I reminded councillors’ of the fact that at the North Area committee in December 2008 Mr Wilkins had told the committee he would try and raise the issue of the expanded TASER deployment at the police authority. I noted that despite there being two full meetings of the police authority (which I have observed) since then he has failed to raise the matter.
Mr Wilkins told the committee that he had raised the matter of TASERs at the police authority. I believe he misled the committee by saying this because what he has not done is get a meeting of the Cambridgeshire Police Authority to discuss the expanded TASER deployment.
What he has done is reported in the minutes to the January North Area Committee, where I also asked why Mr Wilkins had not yet ensured the issue of TASERs was discussed at a police authority meeting; he responded:
Earlier this month members of the Police Authority met with the Chief Constable and other senior officers to discuss the issues of TASER.
Within hours of the November 2008 ministerial announcement of the expanded TASER deployment the Metropolitan Police Authority decided not to extend TASER use to all front line response officers in London on the grounds that they may cause fear and damage public confidence. It can be seen from the minutes of the meetings that Cambridgeshire Police Authority failed to even discuss the matter at their December 2008 and February 2009 meetings. I think those who have voted Liberal Democrat, a party which has a national policy of opposing the TASER deployment to non-firearms officers, would expect Liberal Democrat members on police authorities to be actively opposing the TASER deployment.

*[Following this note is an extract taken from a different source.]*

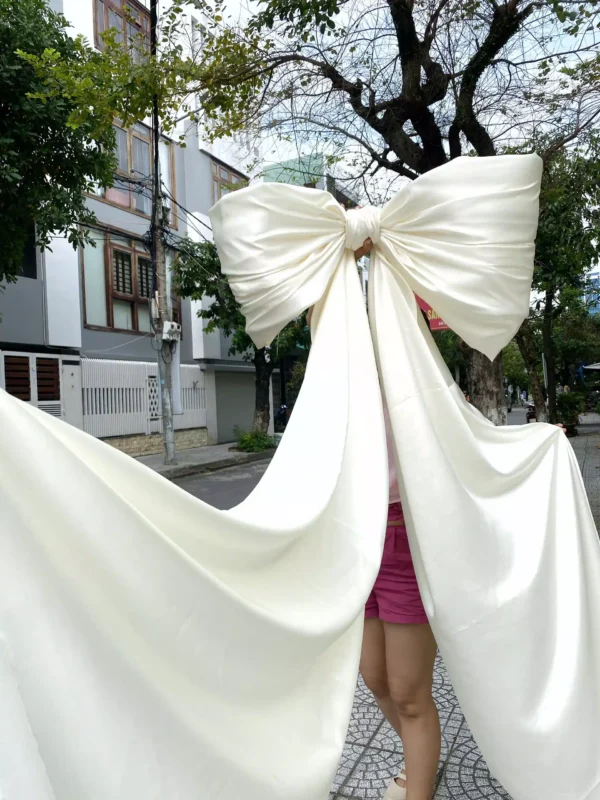 Nơ Phi bóng đuôi rũ cánh xếp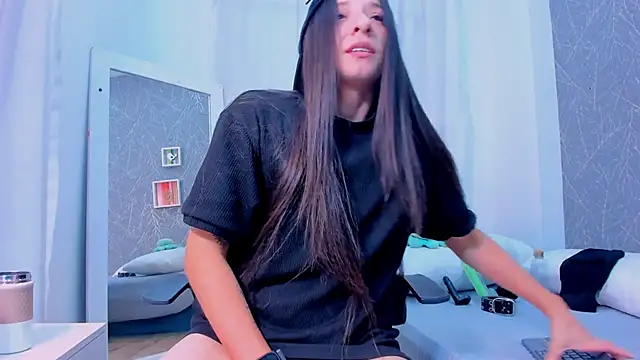 ViictoriiaSaenz Chat XXX in diretta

Having misled the committee once, he went on to say that the force had been given 150 TASERs by the Home Office. This contradicts what as been said by Home Office minister Vernon Coaker who has said “Clearly, the number of Tasers that a force has is not dictated centrally. It is a matter for individual chief constables, with their authorities, to determine what they should have” *. Mr Wilkins appears unaware that he, and his fellow police authority members could have stopped these weapons arriving in Cambridgeshire.
The Home Secretary speaking on the 19th of March 2009 stated:
… I have given every police force the number of Tasers they have requested.
I am pleased that police forces up and down the country have used the additional funding I made available for Tasers
It is clear that according to the Home Office this is not a case of TASERs being forced on unwilling police forces by the Home Office, forces themselves have made decisions to accept them.
Mr Wilkins told the committee that despite “being given” 150 TASERs Cambridgeshire police had no plans to routinely arm front line police (ie. they are not going to use them in the way that the Home Office intended). Mr Wilkins finished by saying that a paper on TASERs would (eventually) be brought to a meeting of the Police Authority, if this does finally happen, it will be many months late.